I lied, im not new to nissans, but Im new to making them go fast. Ive had a 84 sentra e as my first car (passed on by my dad) that has 230k miles on it. 
That was near 7 years ago.

Since then, Ive built and driven 3 pritty fast hondas. Fastest being an all motor carbed 92 civc with a 1/4 mile time of 13.9. I am selling my current car, a 95 integra GSR and plan on just driving my newest hand me down a 95 nissan maxima.

The car as a freakin 270k miles on it. It still runs strong but not as strong as I remember it (nothing a good rebuilding woulnd fix.) No major problems... ever... and its been family seviced from day one (thats right, never taken to the dealer).

Since the engines are so cheap I plan on dropping in a rebuilt motor that has under 40k, but while the motors out i figure might as well build up a engine that i would love rather than just be satisfied.

I will have about $6k

ARE THERE ANY OTHER MOTORS THAT FIT THAT MIGHT BE BETTER PLATFORMS?

IS THE BEST THING TODO TURBO CHARGING THE CAR?

I figure I can turbo the car with this current engine and while waiting for it to blow build up the rebuilt engine.

The Maxima a fast stock car for its day, numbers are the same as my Acura, but fells much more solid because of the V6. Yet it seems like a platform that doesnt have much options. I am even up for exploration, but no crazy (and stupid) RWD conversion.

Is there lower compression blocks that fit with larger displacment? Or internals that cross over?

ANY SUGGESTIONS would be much appreciated.

Labor will cost nothing so its not an issue as I have full access to my uncle's shop.


----------



## MDeezy (Aug 7, 2004)

Well lucky you with a hand down car and a whole lot of cash.

I dont know too much about sentra ( but will, plan to do work on my sisters B14 ), I would put a low milage engine in it as well, slap a turbo on it, run about 8 pounds of boost, get a LSD in that tranny.

is it auto or manual?

and then do the whole exhaust headers back, so you'll have good flow.

just a suggestion


----------



## Jeff (Oct 17, 2002)

Any other motors? You might as well go with a VQ30de-K...the same engine as the 4th gen but in a '00-01 Maxima. The intake design is different and supplies an extra ~20hp or so. While you're at it, get an '01 Anni. Edition tranny out of a Maxima...it has LSD.

All this would cost under $1k. You might need to swap in an '00-01 ecu as well but it would be worth it.


----------



## seximagtr (Feb 22, 2003)

MDeezy said:


> Well lucky you with a hand down car and a whole lot of cash.
> 
> I dont know too much about sentra ( but will, plan to do work on my sisters B14 ), I would put a low milage engine in it as well, slap a turbo on it, run about 8 pounds of boost, get a LSD in that tranny.
> 
> ...


fuck it - why stop @ 8 lbs.... hehe spiked to 14 when i set it for 11 last night :fluffy: 

spinnnnnnnnnnnnnnnn


----------



## MDeezy (Aug 7, 2004)

Nice!!

Well run as much boost as the it can take without having to modify the internals, unless you want to, then you can up the boost even more.
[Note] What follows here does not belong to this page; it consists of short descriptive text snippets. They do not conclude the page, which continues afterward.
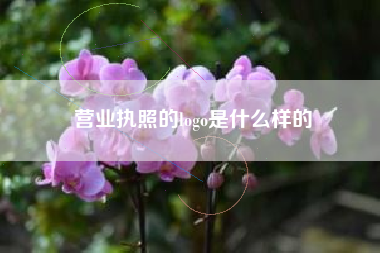 营业执照的logo是什么样的 营业执照的logo是什么样的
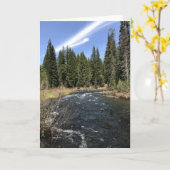 Muir Creek, Oregon Karte (Gelbe Blume)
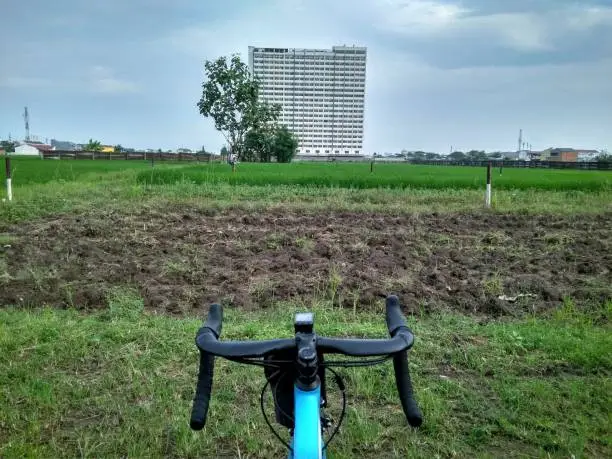 Cycling in the garden with skyscrapers in the background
I was thinking about the Max and how much it can run before you will need to mod internals, (I think its around 10PSI)


----------



## seximagtr (Feb 22, 2003)

I know guys that run 14 lbs on the stock motor - just gotta make sure ya got enough of the supporting mods.


----------



## MDeezy (Aug 7, 2004)

ACtually I wonder if 6K will be enought, I've seen turbo kits for a max at around 2.5K - 4K, then once you get the motor that maybe another 1-2k, not sure if you have everything else you need for a good turbo setup (downpiping, intake, etc) or maybe it just depends of where u get your parts from.

ebay has a turbo kit for 2.6K, was shocked to see it on there.


----------